In that darkness, I saw a spot of light. The closer it got, the more defined the figure became. It was a star child, a Zaxient, a creature of wonder, and it had Angel’s face.
#Of course it would,# I thought, but I could not move.
“I found you, Evin,” she said. I reached out a hand, but the arm was an oddity, with fingers in strange positions, flexing at random intervals. Fear burst within me, but she put a hand to my cheek. “Don’t worry about what you are, Evin. I will love you even as a Garavand.” The scene faded to the two of us, supposedly human, standing on that roof.
“I- I died here,” I said and looked at her for a response.

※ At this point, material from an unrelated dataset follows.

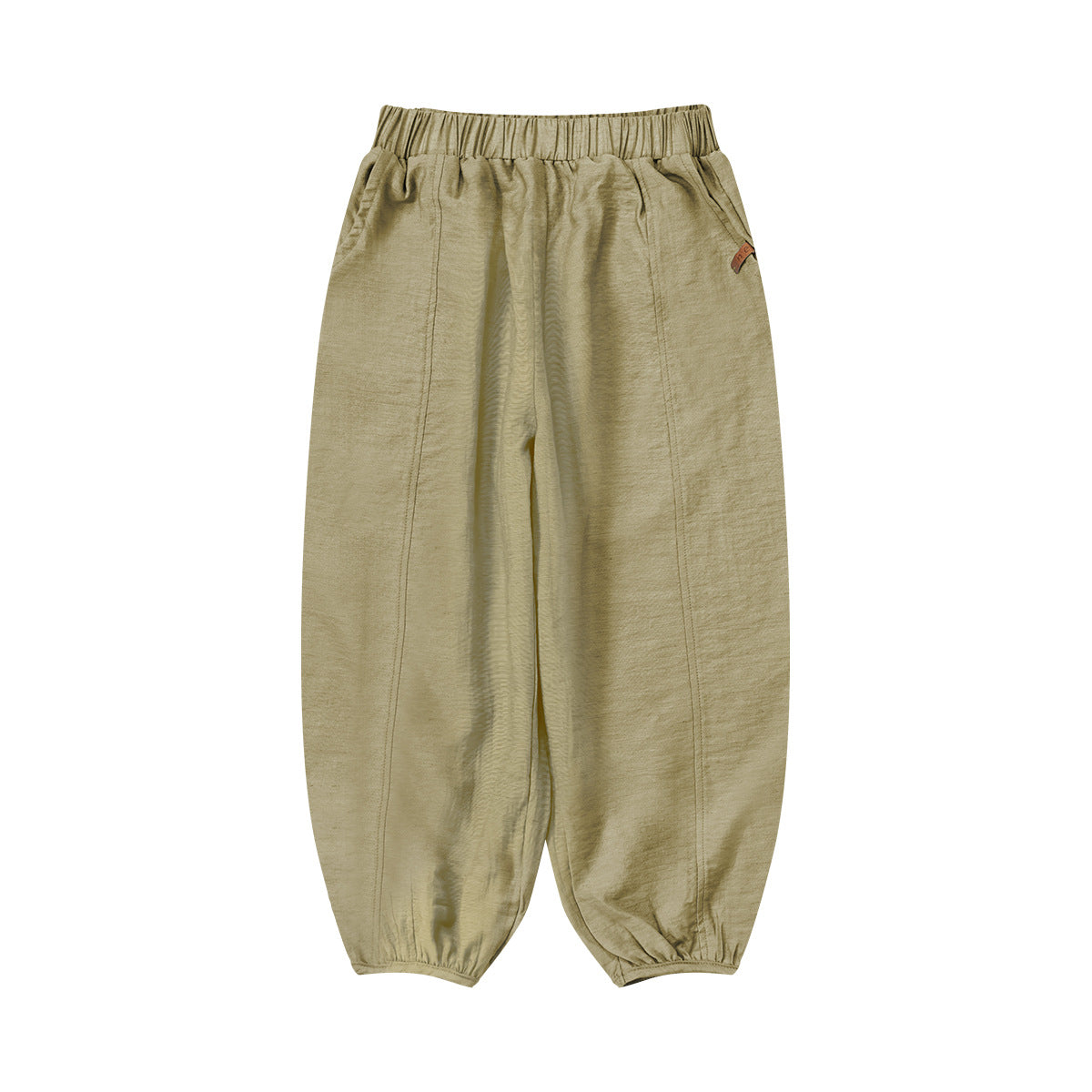 Children's Summer Bubble Casual Thin Boy's Loose Children's Pants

“The human you did, yes,” she said looking over the last rays of the sun. “This was the place where you gave me the best gift, and the worst burden in the world. You left me to die second, alone, but here we are now. In this place, anything is possible. Watch this.” I looked at her as the child of eleven grew into a woman of twenty or so before my very eyes. “We can be the same age here. Time has no place in the Infinity Void.”
“Infinity Void?” I asked suddenly aware of the pain in the back of my neck. It felt as if someone was rolling an orb, a sticky orb.
“It’s where we all go in the end,” she said. “All the tales and stories gather here and exist as gems of a world that once was, ready to be found by some person who will tell others of this, or will try to.” I was confused.
“What about our lives?” I asked. “Was it fair that we had to die so young?”
“There is no fair and unfair, Evin,” she said turning back into a child. “Only the ideas remain here, survive here, and this place welcomes all, from Tisyros to the darkest of Wordsmiths, and even darker tales still.”
“What about Heaven and Hell?” I asked.
“You want to go?” she asked. “Those two topics have been defined in so many iterations that you can now choose from among them. In the end, every faith is just another story, all welcome in the Infinity Void. It’s more fun to be where you can be comfortable, Evin, but it’s up to you. This is your mind, a mind that is a story and can witness the stories of others. That is what exists in you after you die.” I felt my imagination bubble with the possibilities.
“What should we visit first?” I asked. Angel waved a hand in a circle to produce a circular pad of light like a screen of a touchpad. In a few moments of tapping, she grew beautiful white wings to look just like an angel.
“Be who you want to be,” she said. “Not the husk of something that once was.” I looked over my chubby arms and broke past them to no material body. It was time.